BUSLOADS of exhausted Afghan families arrive daily at the Islam Qala border crossing, thrust into a country many barely remember after years of building lives in Iran. The scene is heartbreaking: children crying in 40-degree heat, parents clutching meagre possessions, unsure where they will sleep tonight.
More than one million Afghans have been forced to return from Iran and Pakistan since January, with another million expected before year’s end. The mass deportations are creating a humanitarian catastrophe in a nation already teetering on the edge of collapse.
“These were families who, a few days before, were sitting in their homes in Iran leading normal lives,” said Sami Fakhouri, head of the International Federation of Red Cross and Red Crescent Societies delegation in Afghanistan. “The next thing they knew, they were placed on a bus and sent to a country that many of them had left many years before.”
In June alone, over 135,000 people returned from Iran. Last week brought the highest single-day return on record: 50,260 people crossed the border on July 4, according to the UN refugee agency UNHCR.
“I Don’t Know This Country”
The human cost is staggering. Fakhouri recounted meeting a woman at the border who said she was “coming to a country where she did not really know.” Her story mirrors hundreds of thousands of others — many returnees are children who have never set foot in Afghanistan.
“Family separation is a big concern,” said Babar Baloch, UNHCR spokesperson. “Forty-one percent of returnees we’ve spoken to mentioned family separation. The psychological scars will stay with Afghans who have been forced to come back.”
The Afghan Red Crescent Society is distributing 6,000 hot meals daily at border crossings while providing emergency healthcare, temporary shelter, and psychosocial support. But resources are desperately inadequate for the scale of need.
Perfect Storm of Crises
The mass returns compound Afghanistan’s existing disasters. The healthcare system has collapsed, unemployment is rampant, and international sanctions have frozen Afghan assets. Girls are banned from education, leaving families without hope for their daughters’ futures.

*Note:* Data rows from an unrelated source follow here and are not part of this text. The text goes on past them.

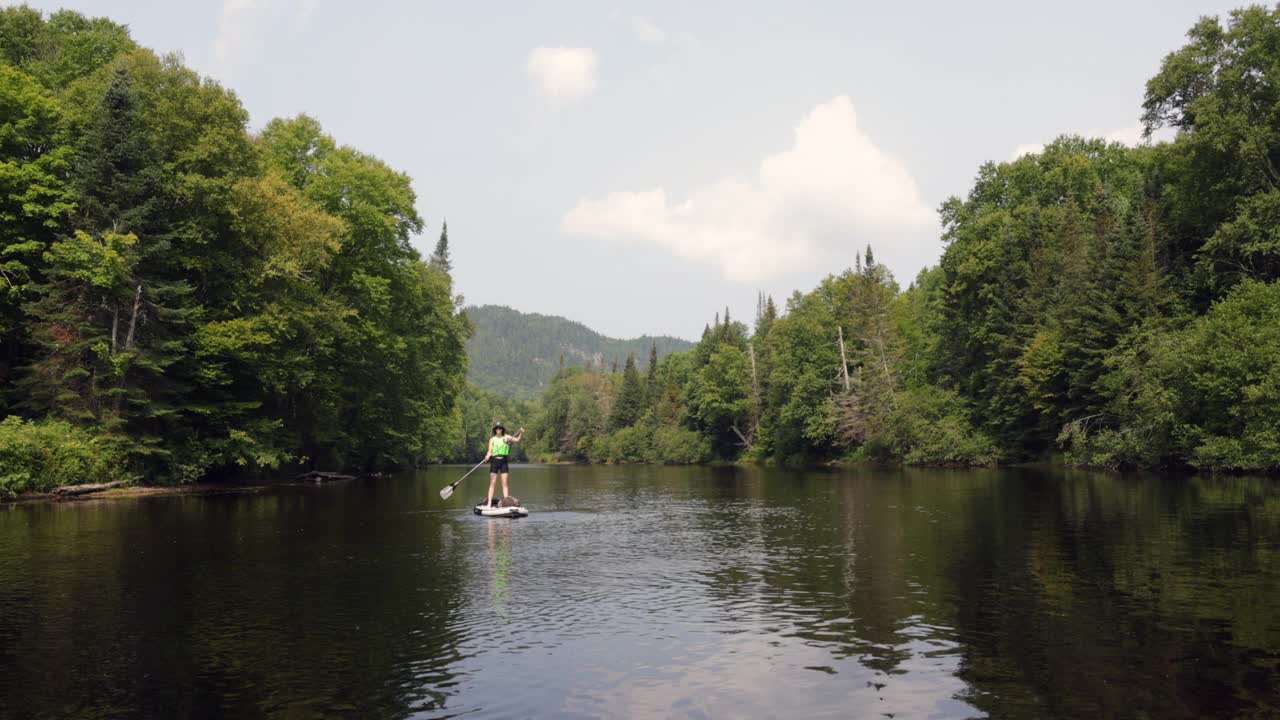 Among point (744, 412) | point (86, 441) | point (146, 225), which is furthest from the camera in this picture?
point (744, 412)

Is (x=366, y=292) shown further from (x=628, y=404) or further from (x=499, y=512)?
(x=628, y=404)

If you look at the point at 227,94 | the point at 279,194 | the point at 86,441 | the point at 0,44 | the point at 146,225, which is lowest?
the point at 86,441

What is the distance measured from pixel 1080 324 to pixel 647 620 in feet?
192

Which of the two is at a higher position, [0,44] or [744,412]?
[0,44]

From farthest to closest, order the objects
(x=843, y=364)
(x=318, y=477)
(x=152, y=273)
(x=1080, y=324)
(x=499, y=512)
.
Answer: (x=843, y=364) → (x=1080, y=324) → (x=318, y=477) → (x=152, y=273) → (x=499, y=512)

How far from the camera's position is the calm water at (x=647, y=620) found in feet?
27.5

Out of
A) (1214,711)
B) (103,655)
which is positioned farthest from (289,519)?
(1214,711)

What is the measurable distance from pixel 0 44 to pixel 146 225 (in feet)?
54.1

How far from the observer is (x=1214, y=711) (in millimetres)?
7801

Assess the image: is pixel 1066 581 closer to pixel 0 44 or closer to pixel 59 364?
pixel 59 364

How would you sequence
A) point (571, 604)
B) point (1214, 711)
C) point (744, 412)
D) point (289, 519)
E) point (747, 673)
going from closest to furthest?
1. point (1214, 711)
2. point (747, 673)
3. point (571, 604)
4. point (289, 519)
5. point (744, 412)

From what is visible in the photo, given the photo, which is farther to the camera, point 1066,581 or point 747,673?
point 1066,581

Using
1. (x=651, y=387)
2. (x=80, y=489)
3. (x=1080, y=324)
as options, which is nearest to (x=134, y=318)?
(x=80, y=489)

This weekend, extreme flooding in Nangarhar province destroyed over 250 homes, many belonging to Pakistani returnees trying to rebuild their lives. The floods received scant international media attention despite devastating communities already struggling with displacement.
“People in Afghanistan are being deprived of the chance to dream,” Fakhouri said. “There is hopelessness and desperation.”
Iran’s Economic Pressure
Iran, which hosted Afghan refugees for over 40 years, is now expelling them en masse as its own economy struggles under sanctions and regional conflict. With unemployment rising, Tehran wants to preserve jobs for Iranians.
The conflict with Israel has also influenced Iran’s decision to accelerate Afghan deportations, according to aid officials. Between three and four million Afghans were living in Iran before the current wave of expulsions began.
Urgent Appeal for Aid
The IFRC has appealed for 25 million Swiss francs to support border operations and resettlement programs, but the appeal is only 10 percent funded. Without immediate resources, the Afghan Red Crescent Society will be forced to make “hard choices about who they can continue supporting.”
“If we don’t receive these resources, people will die,” Fakhouri warned. “Action is needed now to get Afghanistan out of this situation. Action is also needed to prevent Afghanistan from falling into a deeper crisis that would be impossible to emerge from.”
Afghan authorities have prepared some areas to receive returnees, but resources remain critically limited in a country where finding employment is nearly impossible. Many deportees may be forced to leave again if they cannot secure livelihoods.
The crisis shows no signs of abating. As regional tensions escalate and economic pressures mount, Afghanistan faces an unprecedented challenge: absorbing over two million displaced people into a society that can barely support its existing population.
For the woman at the Islam Qala border crossing, like hundreds of thousands of others, the future remains uncertain in a homeland that has become foreign.